Page 3 is a 2005 Indian Hindi-language drama film directed by Madhur Bhandarkar and produced by Bobby Pushkarna and Kavita Pushkarna. The film revolves around the Page 3 culture and media in the city of Mumbai. It stars Konkona Sen Sharma, Atul Kulkarni, Sandhya Mridul, Tara Sharma, Anju Mahendru, and Boman Irani. The film won three National Film Awards, including the Golden Lotus Award for Best Film.

==Plot==
Madhavi Sharma is a young journalist who arrives in Mumbai looking for a job. She is hired by newspaper editor Deepak Suri to report on celebrity news and writing articles for Page 3. Her roommate Pearl Sequiera is an air hostess who seeking to marry a rich man so that she can have a lavish lifestyle. Gayatri Sachdeva, an aspiring actress, also moves into the apartment. Gayatri enters into a relationship with Rohit Kumar, a leading actor and soon becomes pregnant. Rohit, seeking to protect his career, pressures her to seek an abortion. Depressed and shattered, Gayatri attempts suicide, causing a miscarriage. Pearl marries a wealthy old man and moves to the United States, where she lives an extravagant but loveless life. Madhavi plans to expose Rohit by writing an article on his relationship with Gayatri, but her editor blocks the story, and she is forced to apologize to Rohit.

Madhavi discovers that her boyfriend is bisexual when she finds him in bed with her best friend, Abhijeet. She becomes disillusioned with celebrity lifestyle. She requests to be transferred to a different beat and lands on the crime reporting with Vinayak Mane. She accompanies Vinayak as they search the city for crime-related stories. They witness a bomb blast in the city, which charges Madhavi to investigate the story, but is tasked with to covering a high-profile Bollywood party by Deepak. At the party, she meets the ACP officer in charge of the bomb blast she witnessed, insensitively discussing the incident. Madhavi learns that the officer was attending a film shoot while he was on duty, which delayed his reaction to the blast.

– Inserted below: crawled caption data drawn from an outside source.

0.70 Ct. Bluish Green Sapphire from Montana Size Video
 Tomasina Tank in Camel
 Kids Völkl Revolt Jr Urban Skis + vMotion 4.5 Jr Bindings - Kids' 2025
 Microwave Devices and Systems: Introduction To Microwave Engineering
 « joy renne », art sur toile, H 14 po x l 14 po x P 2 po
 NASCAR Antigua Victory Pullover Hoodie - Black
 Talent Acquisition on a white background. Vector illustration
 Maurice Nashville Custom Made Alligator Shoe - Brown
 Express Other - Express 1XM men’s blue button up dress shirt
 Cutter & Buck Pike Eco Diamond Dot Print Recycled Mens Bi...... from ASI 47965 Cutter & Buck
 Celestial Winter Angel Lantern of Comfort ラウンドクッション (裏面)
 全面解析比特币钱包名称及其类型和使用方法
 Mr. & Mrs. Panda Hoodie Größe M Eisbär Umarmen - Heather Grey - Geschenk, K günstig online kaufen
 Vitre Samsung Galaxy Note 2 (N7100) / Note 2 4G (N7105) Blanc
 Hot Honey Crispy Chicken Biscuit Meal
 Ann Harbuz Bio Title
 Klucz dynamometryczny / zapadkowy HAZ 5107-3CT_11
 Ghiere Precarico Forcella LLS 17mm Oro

Vinayak goes to cover another news story in Nashik, and Madhavi is left to take charge of crime news. She follows a case of missing boys from a rehabilitation home owned by Anjali Thapar, despite numerous searches. The police learn that a group of boys are being held at the Thapar's private bungalow in Mud Island. Despite not having a search warrant and in Vinayak's absence, they conduct a raid, finding that Ramesh Thapar has been molesting children from the rehabilitation home. Ramesh is arrested, and police also find connections to other influential figures involved in the scandal. Madhavi records the events on camera and develops a breaking exposé story. Deepak promises to run the story as the headline article for the next day's news edition. However, during a meeting with Mr. Agarwal, the owner of the newspaper, Deepak learns that the newspaper receives significant revenue and other sponsorship from Ramesh. Fearing major loss to his business, Agarwal declines to publish the story and asks Deepak to fire Madhavi from the company.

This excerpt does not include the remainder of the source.